Zudem weist Brockmann darauf hin, dass besonders die Pedelec-Unfälle zuletzt stark zugenommen hätten. Über 40 Prozent aller Radtoten seien Pedelec-Fahrer: „Das sei schon eine Hausnummer", sagt Brockmann. Ersten Studien zufolge bestehe das Problem darin, dass Betroffene immer häufiger die Kontrolle über ihr Pedelec verlieren und es so zu Unfällen komme – vor allem Seniorinnen und Senioren seien betroffen. Ältere sind auch deswegen leichter Verkehrsopfer, weil sie zum einen in der Regel verletzungsanfälliger sind und zum anderen auch in der Regel die Fähigkeit zurückgehe, auf komplexe Verkehrssituationen richtig zu reagieren.
Experte empfiehlt Fahrsicherheitstrainings
Wie aber kann gegengesteuert werden? Man könne beispielsweise das Thema Helm noch stärker als bisher propagieren, sagt Brockmann. Auch Fahrsicherheitstrainings empfiehlt der Experte. Und er schlägt noch eine andere Möglichkeit vor: Man könnte die Endgeschwindigkeit der Pedelecs an die Tretkraft koppeln. So würden die Radfahrer ein besseres Gefühl für die Geschwindigkeit behalten, das sie ansonsten nach längerer Fahrt oft verlieren.
Auch der Allgemeine Deutsche Fahrrad-Club (ADFC) Bayern fordert Maßnahmen, um die Sicherheit für Radfahrer und Fußgänger zu erhöhen: Wichtig sei eine Verkehrsinfrastruktur, die mögliche Konflikte und Gefahrenstellen schon bei Planung, Bau und Instandhaltung mitdenkt, sagt Bayerns ADFC-Vorsitzende Bernadette Felsch. Getrennte Ampelschaltungen für Geradeaus- und Abbiegeverkehr, gute Sichtbeziehungen an Kreuzungen, ausreichend Platz für Menschen ohne Auto seien das A und O. Viele Unfälle seien auch auf Mängel der Infrastruktur zurückzuführen, die in der Polizeistatistik nicht erfasst und in Unfallberichten nicht kommuniziert würden, zum Beispiel Baumwurzeln, zu hohe Bordsteinkanten, Schlaglöcher. Experte Brockmann stimmt ihr zu: Auch Kreuzungen sowie Ein- und Ausfahrten seien für Radler oft hochproblematisch. „Man muss einfach sagen, Radfahren ist heutzutage einfach gefährlich“, fasst Brockmann die Lage zusammen.
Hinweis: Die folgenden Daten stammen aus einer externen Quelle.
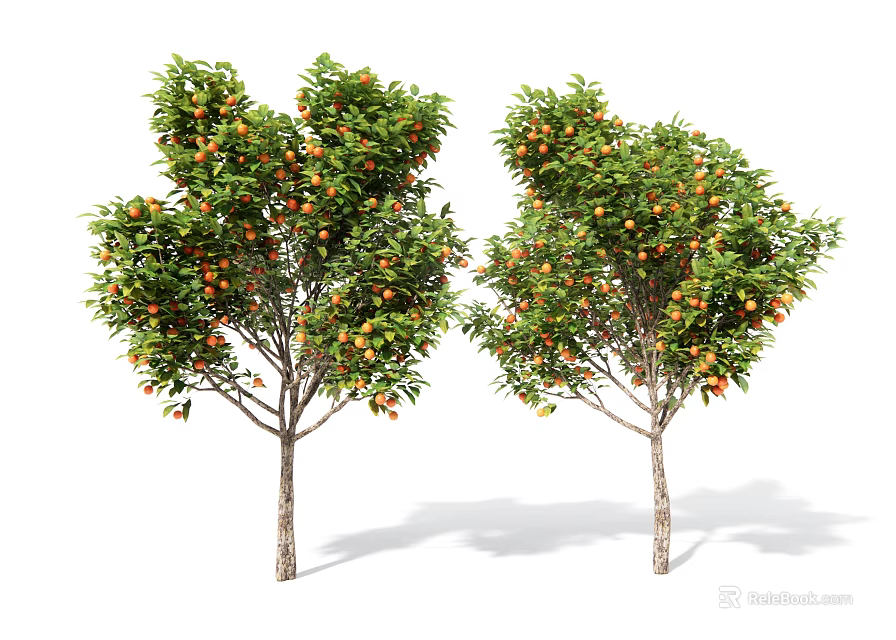 Two Fruit Trees With Green Leaves And Orange Fruits Standing Against White Background 3d model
Radfahrer müssen auf den Straßen einiges beachten
Minister Hermann fügte zu den Unfallursachen aber auch noch Fahrten unter Alkoholeinfluss hinzu und Leichtsinn. "Viele Radfahrer meinen, dass sie einen Radweg in beide Richtungen nutzen dürfen", sagte er. Auch dass Radler nachts ohne Beleuchtung fahren würden, kann er nicht nachvollziehen. An den infrastrukturellen Risiken will das Innenministerium arbeiten. Mit der Mehrheit von CSU und Freien Wählern hat der Landtag vergangene Woche den von den Koalitionsfraktionen ausgearbeiteten Gesetzentwurf beschlossen: Bis 2030 sollen demnach 1500 Kilometer neue Radwege und ein landesweit durchgängiges Radverbindungsnetz entstehen. Ferner setzt das Gesetz auf mehr Verkehrssicherheit und eine zentralisierte Planung von Infrastrukturprojekten. Ob das reicht? Beim ADFC bezweifelt man das.